TotalView¶
Description¶
TotalView from Perforce Software is a parallel software debugger for complex C, C++, Fortran, and CUDA applications. It provides both X Window-based Graphical User Interface (GUI) and command line interface (CLI), and script based environments for debugging.
The TotalView documentation web page is a good resource for learning useful TotalView features, beyond the basic materials covered here. Another source is the $TOTALVIEW_DOC/doc/pdf
directory (the TOTALVIEW_DIR
environment variable is defined when totalview
module is loaded). There are manuals in PDF format.
New UI vs. Classic UI¶
TotalView introduced a new modernized user interface (UI) a few years ago. The new UI is the default mode on NERSC machines. A small number of features are still not directly accessible from the new UI, but most of the existing features are available, and they will soon be supported in the new UI.

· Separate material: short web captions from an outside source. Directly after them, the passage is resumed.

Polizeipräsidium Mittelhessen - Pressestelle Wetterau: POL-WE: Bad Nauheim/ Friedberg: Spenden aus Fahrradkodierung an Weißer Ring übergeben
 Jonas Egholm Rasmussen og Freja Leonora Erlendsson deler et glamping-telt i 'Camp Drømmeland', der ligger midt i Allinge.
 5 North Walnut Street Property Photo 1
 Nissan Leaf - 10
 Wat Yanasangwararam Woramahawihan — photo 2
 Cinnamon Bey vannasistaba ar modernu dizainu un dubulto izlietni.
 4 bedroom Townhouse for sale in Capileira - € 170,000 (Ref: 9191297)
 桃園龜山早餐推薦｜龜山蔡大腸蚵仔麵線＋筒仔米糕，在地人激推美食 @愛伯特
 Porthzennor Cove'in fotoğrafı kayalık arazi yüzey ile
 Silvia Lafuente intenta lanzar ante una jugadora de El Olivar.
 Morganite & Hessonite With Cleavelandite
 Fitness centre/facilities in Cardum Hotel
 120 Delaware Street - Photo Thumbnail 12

To see which UI you are using for your TotalView debugging sessions, check the file, $HOME/.totalview/.tvnewui
. It contains one or three strings. If the first string is true
, you are using the new UI.
To change your default UI, you can edit the file directly. If you want, you can delete the entire $HOME/.totalview
directory and regenerate it with the new UI set as your UI, by starting a TotalView session. Note that, by deleting the directory, you will lose info about your previous debugging sessions. Another way to change the UI is through the tool's 'File > Preferences...' menu. Select the 'Display' tab, and check the radio button for your favorite UI.
You can temporarily override your default UI by adding the -newUI
or -classicUI
flag to your totalview
command, as in 'totalview -classicUI ...
.' Alternatively, you can set the environment variable TVNEWUI
to True
or False
.
Slow X-Window GUI Responses¶
Running an X window GUI application interactively can be painful due to slow responses when it is launched from a remote system over internet. There are several ways to cope with the problem.
As usual, NERSC recommends to use the free NX software because the performance of any X Window-based GUI (not just TotalView's) can be greatly improved.
TotalView comes up with two different solutions: Remote Display Client and Remote Connection, which are explained below. TotalView seems to promote the latter more because of its simplicity in deployment.
Remote Display Client¶
Note
RDC doesn't work for Perlmutter as the system doesn't support X Window utilities, yet.
TotalView's Remote Display Client (RDC) is a free tool shipped with TotalView that allows developers to easily establish a remote desktop session by automatically setting up a remote display environment from a remote system, securely across multiple connecting computers, and to the user's laptop.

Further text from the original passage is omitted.